De acuerdo con Jeffrey Scott Shapiro, quien lidera la Alerta de Propaganda Rusa de la organización, este ecosistema se complementa con cerca de 200 creadores hispanohablantes que operan directamente desde Rusia y que también participan en la difusión de contenidos dirigidos a audiencias latinoamericanas, según información de Forbes Colombia.

¿Qué dice el informe?
La investigación indica que parte de esta estrategia estaría articulada alrededor de medios como RT en Español y Sputnik Mundo, cuyas cuentas suman millones de seguidores en plataformas como Facebook y YouTube.
A esto se agregaría la creación de al menos 16 portales digitales que simulan ser medios independientes, pero que en realidad replican contenidos alineados con Moscú.
La investigación se apoyó en herramientas de inteligencia artificial para rastrear patrones de publicación en español que presentan características asociadas a estructuras mediáticas financiadas por el Estado ruso.
En cuanto a las tácticas utilizadas, los analistas identificaron una combinación de estrategias orientadas a influir en la percepción pública.
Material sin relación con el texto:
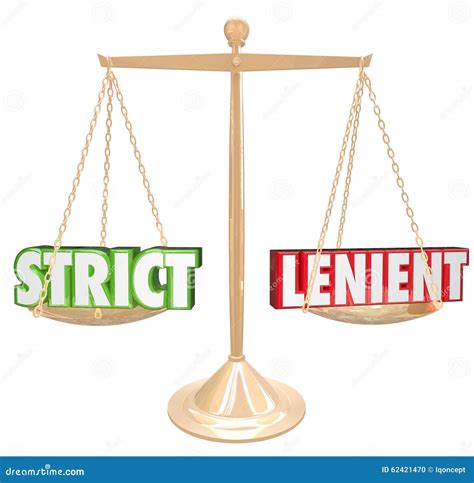 Strict Vs Lenient Words 3d Gold Scale Opposites Stock Illustration ...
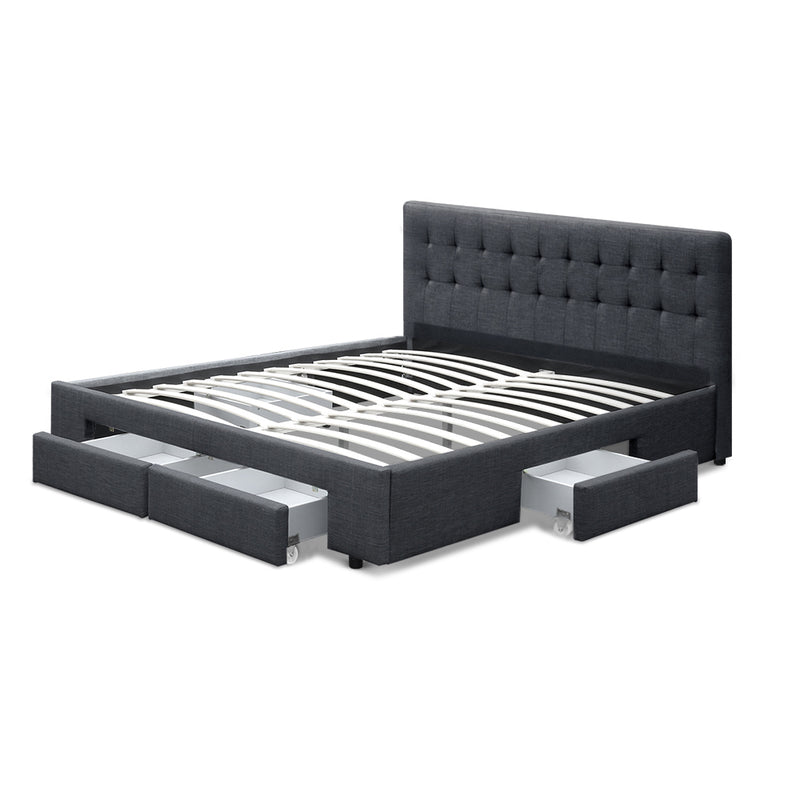 QUEEN Size - Bed Frame with 4 Drawers - Charcoal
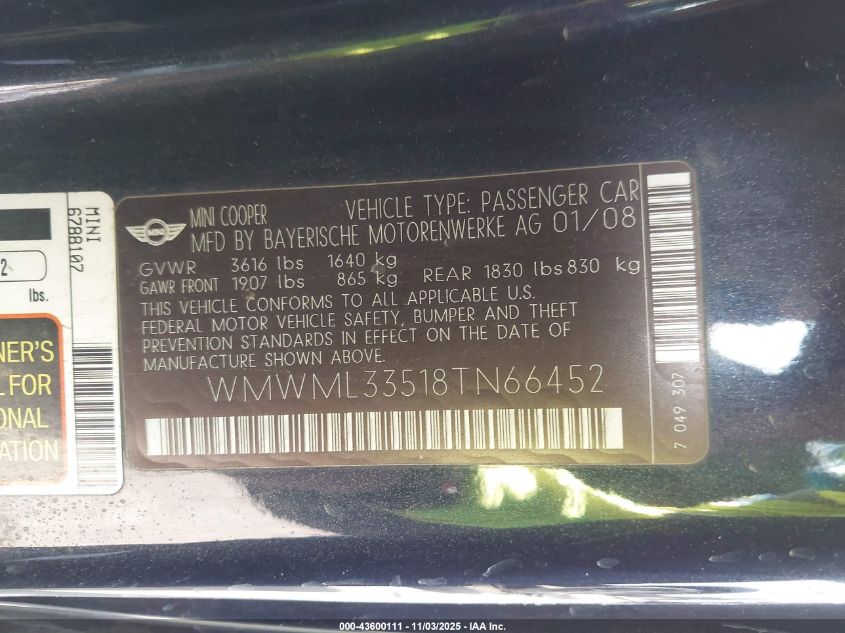 2008 Mini Cooper Clubman VIN: WMWML33518TN66452 Lot: 43600111
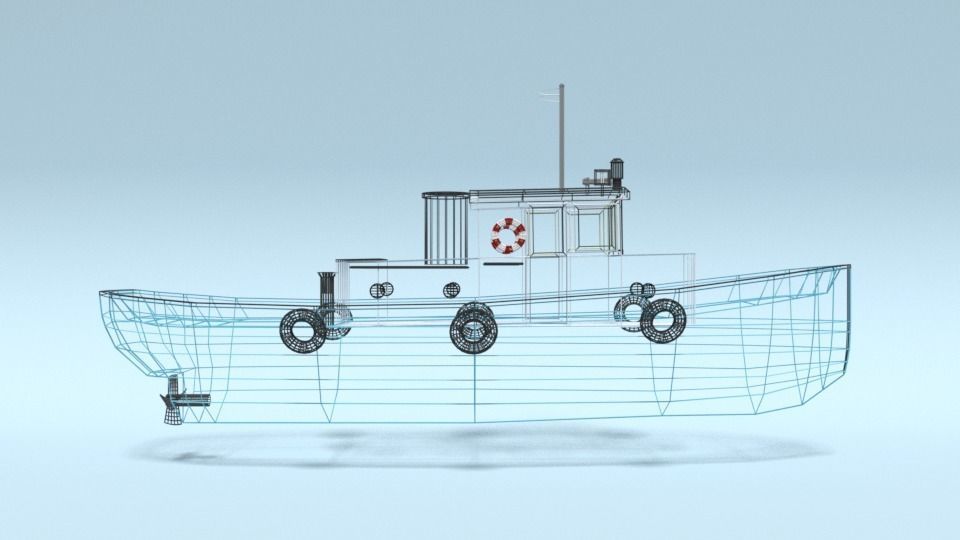 Low Poly Cartoon Fishing Boat Low-poly 3D model_20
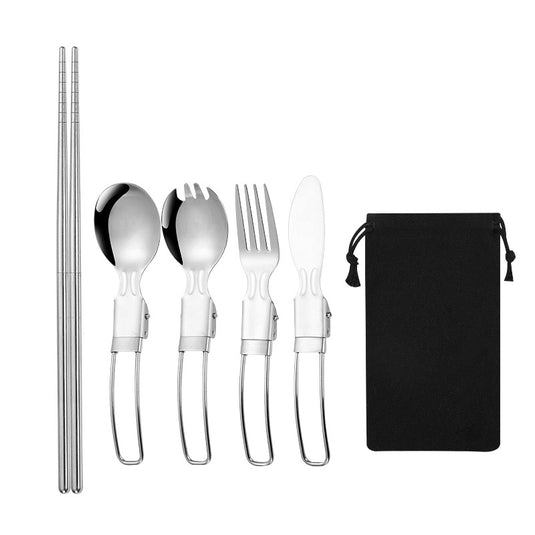 KinWild Travel Utensil Set Fork Steak Knives Folding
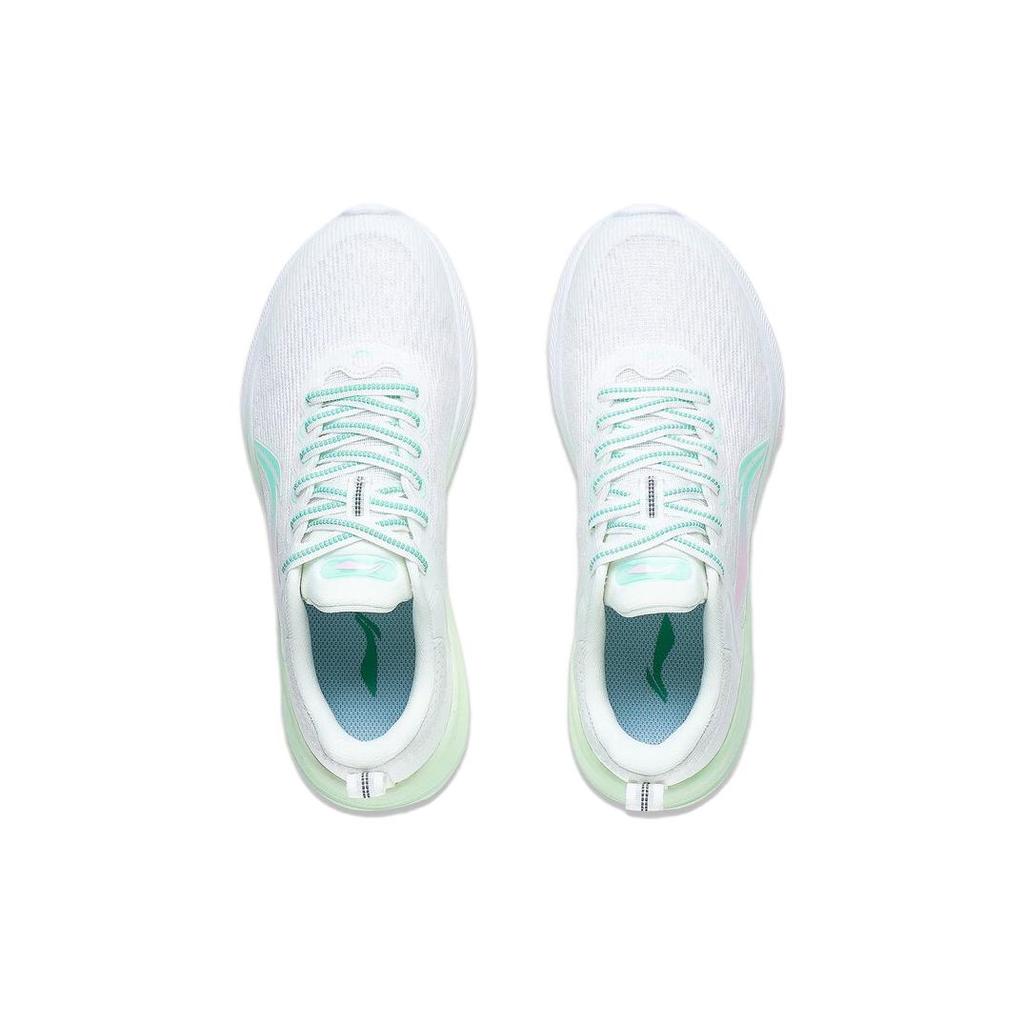Li Ning Lanying Leichte Bequeme Textil-, TPU-Niedrig geschnittene Laufschuhe Damen Weiß Cyan Rosa AFVT012-3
Entre ellas se encuentran la manipulación emocional de la información, la selección parcial de hechos, la difusión de teorías conspirativas, el uso de comparaciones engañosas y la amplificación de posturas extremas.
Para Gelet Martínez, fundadora de ADN Cuba y ADN América, citada por Forbes Colombia, estas dinámicas buscan aprovechar contextos locales y adaptarse a las corrientes ideológicas de cada país. “Básicamente son tres objetivos: polarizar, generar desconfianza en nuestras instituciones y fragmentar nuestras sociedades”, afirmó.
Operación coincide con movimientos geopolíticos
El reporte también advierte que estas narrativas suelen apoyarse en temas sensibles para la región, como el sentimiento antiimperialista o las tensiones con Estados Unidos, así como en coyunturas específicas como protestas sociales, políticas migratorias o conflictos internacionales.
Adicionalmente, los investigadores señalan que este tipo de operaciones ha coincidido con el aumento de la presión de Washington sobre aliados estratégicos de Rusia en América Latina, como Cuba, Nicaragua y Venezuela, lo que ha intensificado la circulación de contenidos alineados con estos gobiernos.
El informe se conoce en medio de un entorno digital cada vez más complejo, donde el volumen de información y la velocidad de difusión dificultan la verificación de contenidos y amplifican el impacto de campañas coordinadas de desinformación.